Brief descriptive captions:
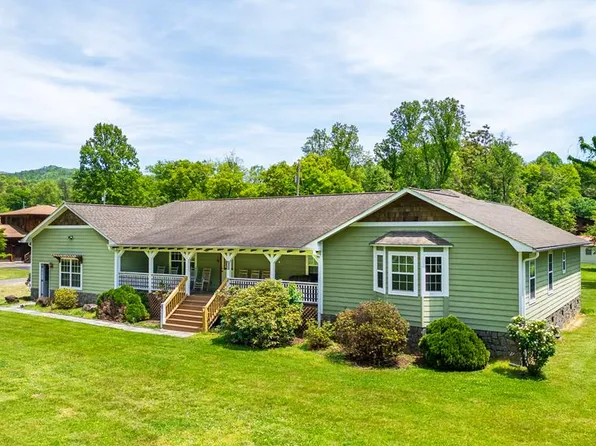 30 Georgia Ave, Bryson City, NC 28713
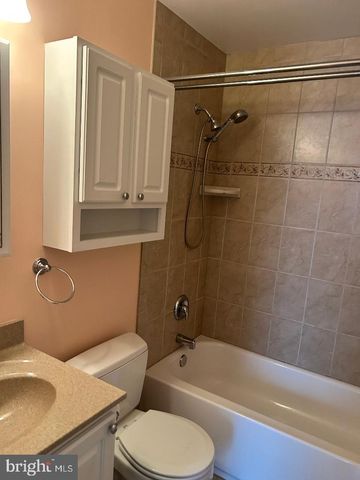 3000 SEMINOLE RD, Woodbridge, VA 22192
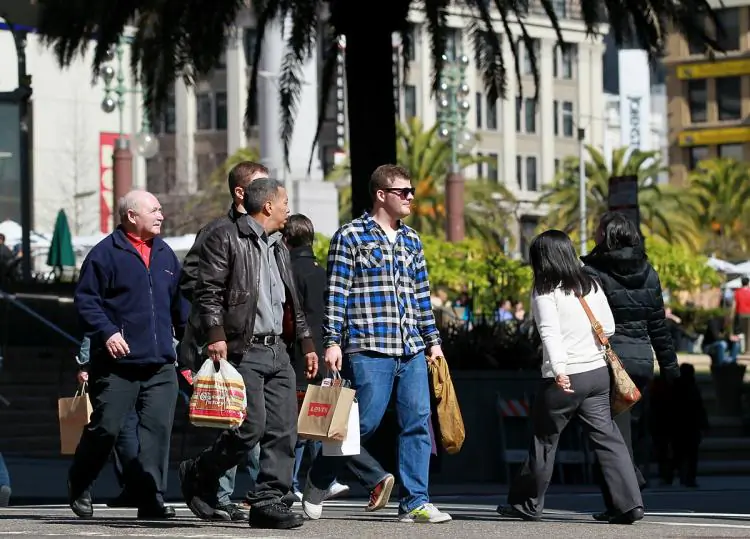 Pedestrians carry shopping bags through Union Square on in San Francisco, Calif., on Feb. 22, 2011. (Justin Sullivan/Getty Images)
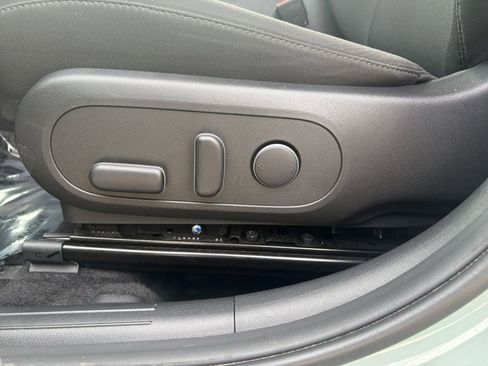 Used 2025 Hyundai Kona SEL image 23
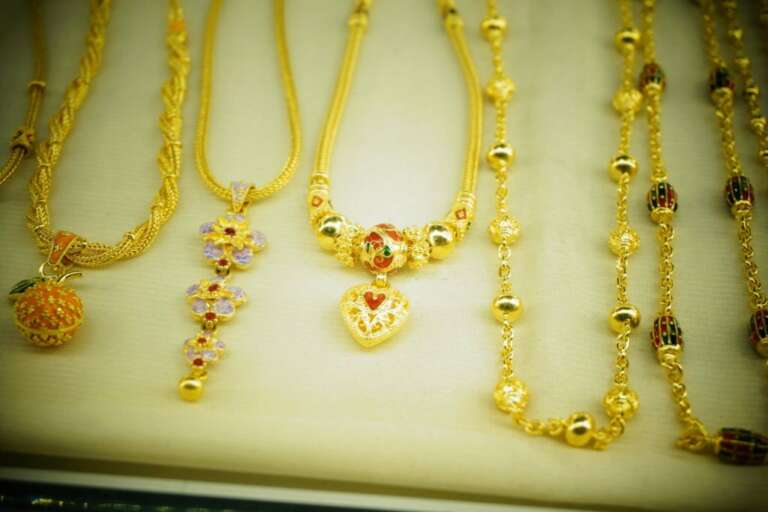 Custom 10k Gold Pendant from TONGLIN Jewelry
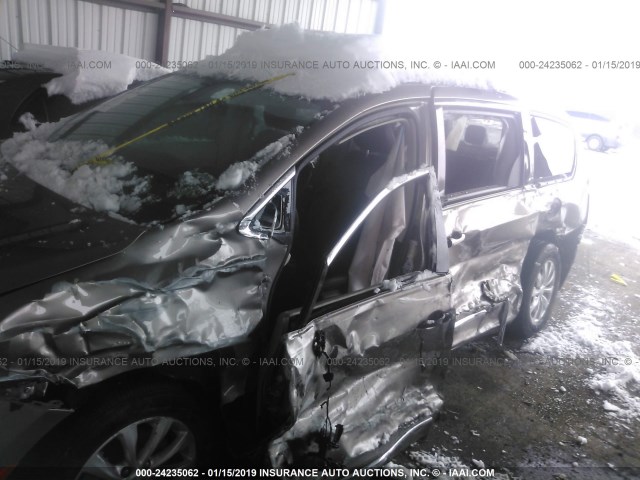 2C4RC1BG9JR294388 - 2018 CHRYSLER PACIFICA TOURING L GOLD photo 6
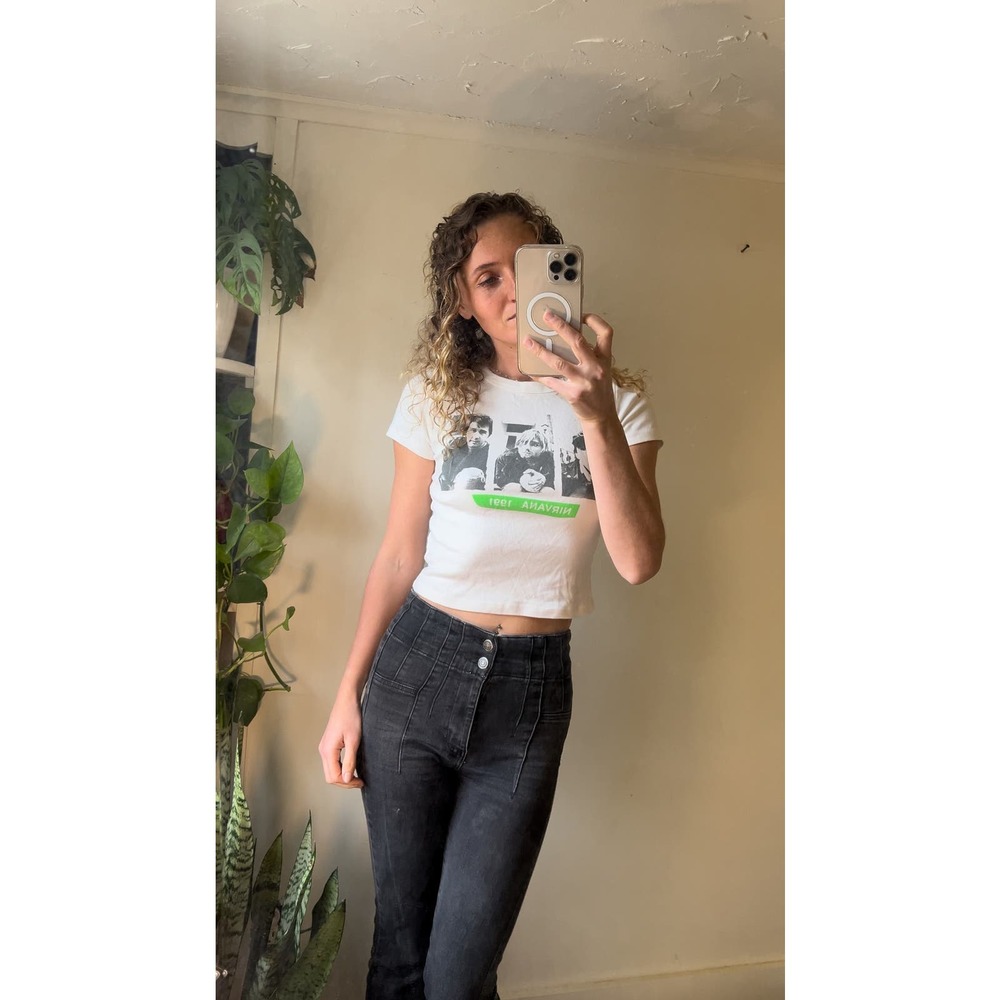 Nirvana band tee XS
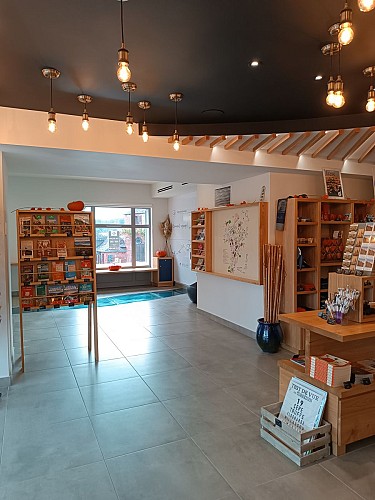 Office de Tourisme Vallée de la Dordogne - Bureau d'accueil de Collonges-la-Rouge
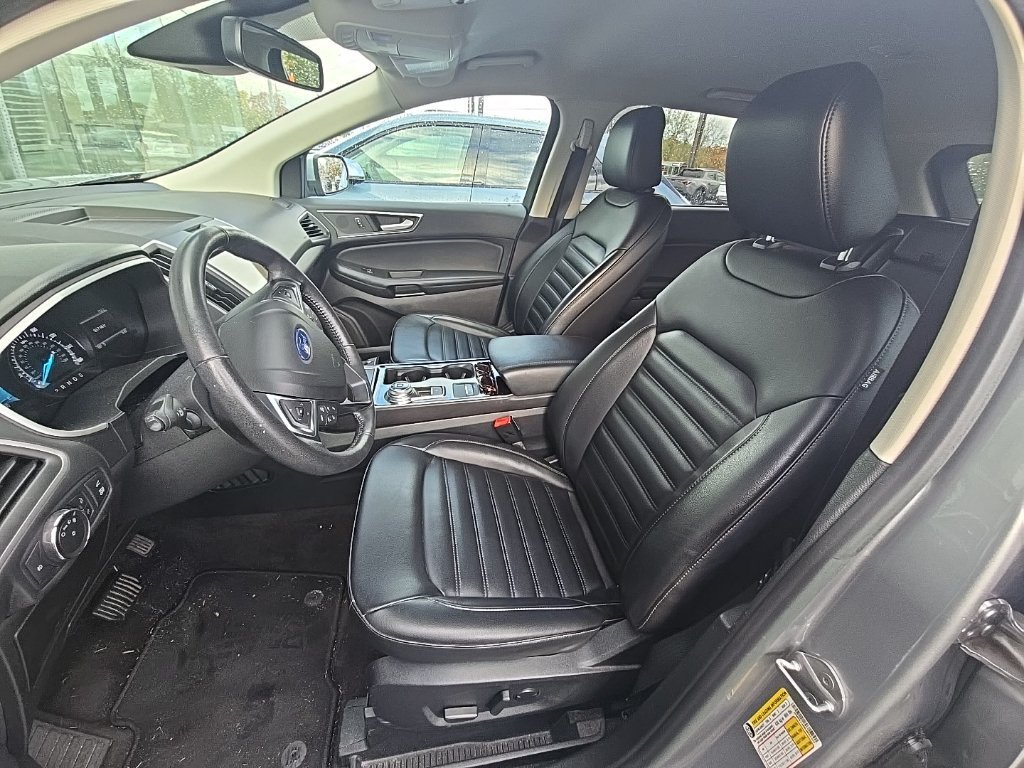 Used 2020 Ford Edge SEL w/ Convenience Package FWD image 7
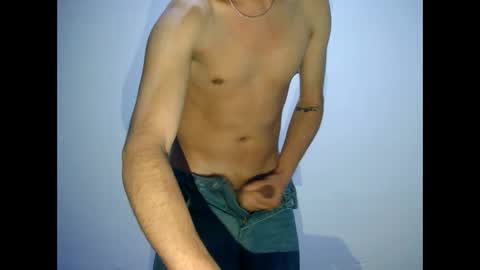 melanievalentina online show from December 16, 4:30 am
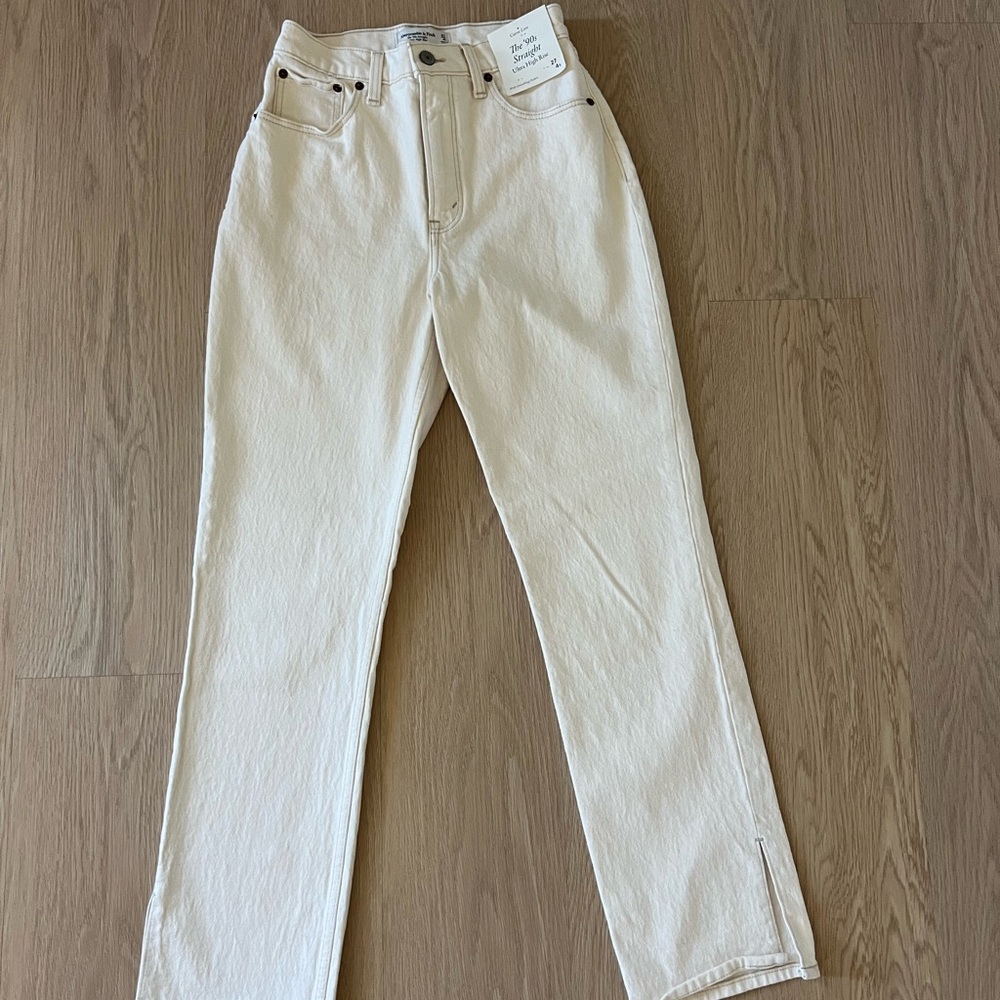 Abercrombie & Fitch Off-White Straight Jeans
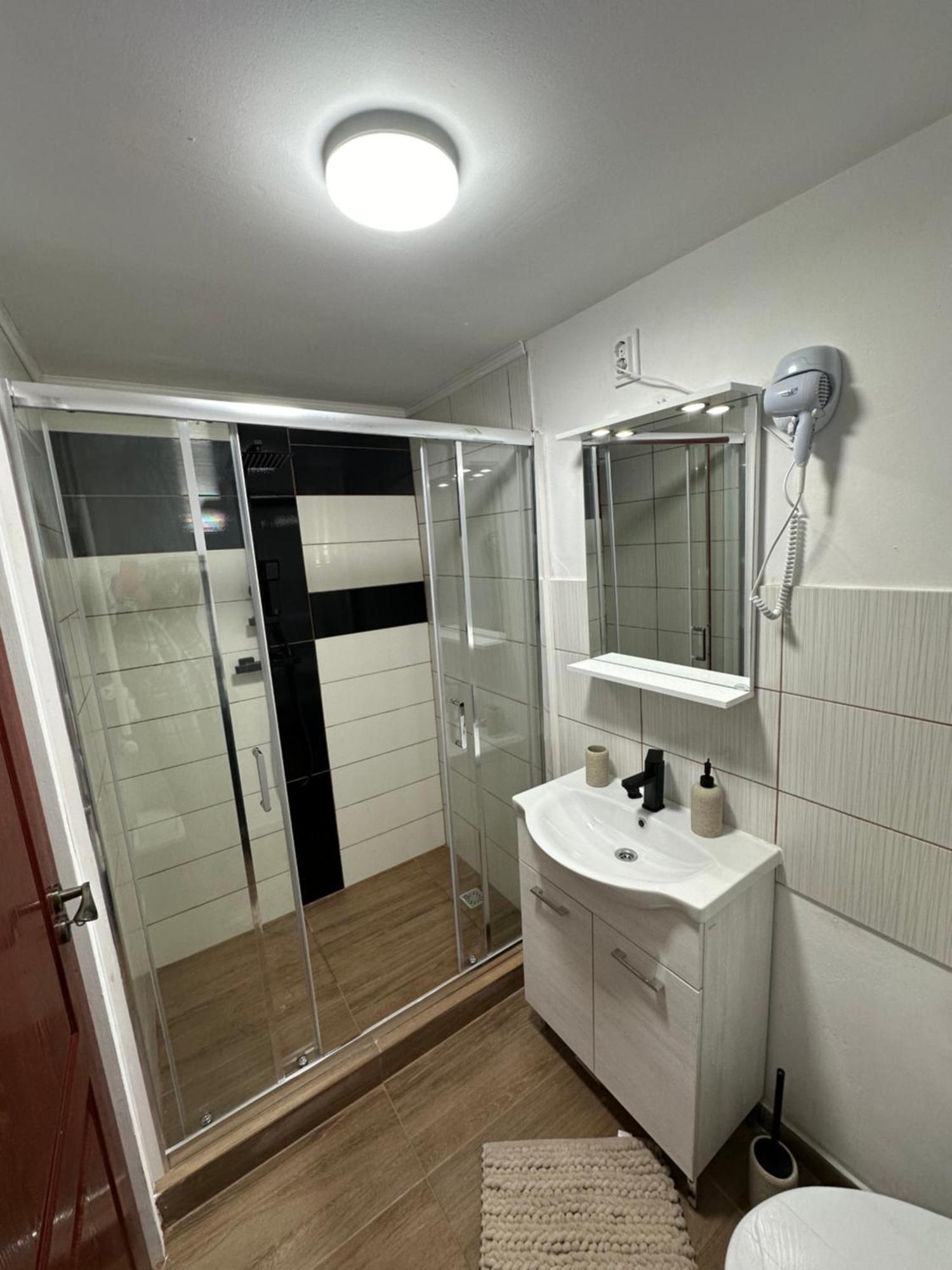Maricom Home Zărneşti المظهر الخارجي الصورة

Instructions to follow
Leaving out the pictures, print each line of the records above from the first up to and including the one that contains "2C4RC1BG9JR294388 - 2018", exactly as written.

Task solution
 30 Georgia Ave, Bryson City, NC 28713
 3000 SEMINOLE RD, Woodbridge, VA 22192
 Pedestrians carry shopping bags through Union Square on in San Francisco, Calif., on Feb. 22, 2011. (Justin Sullivan/Getty Images)
 Used 2025 Hyundai Kona SEL image 23
 Custom 10k Gold Pendant from TONGLIN Jewelry
 2C4RC1BG9JR294388 - 2018 CHRYSLER PACIFICA TOURING L GOLD photo 6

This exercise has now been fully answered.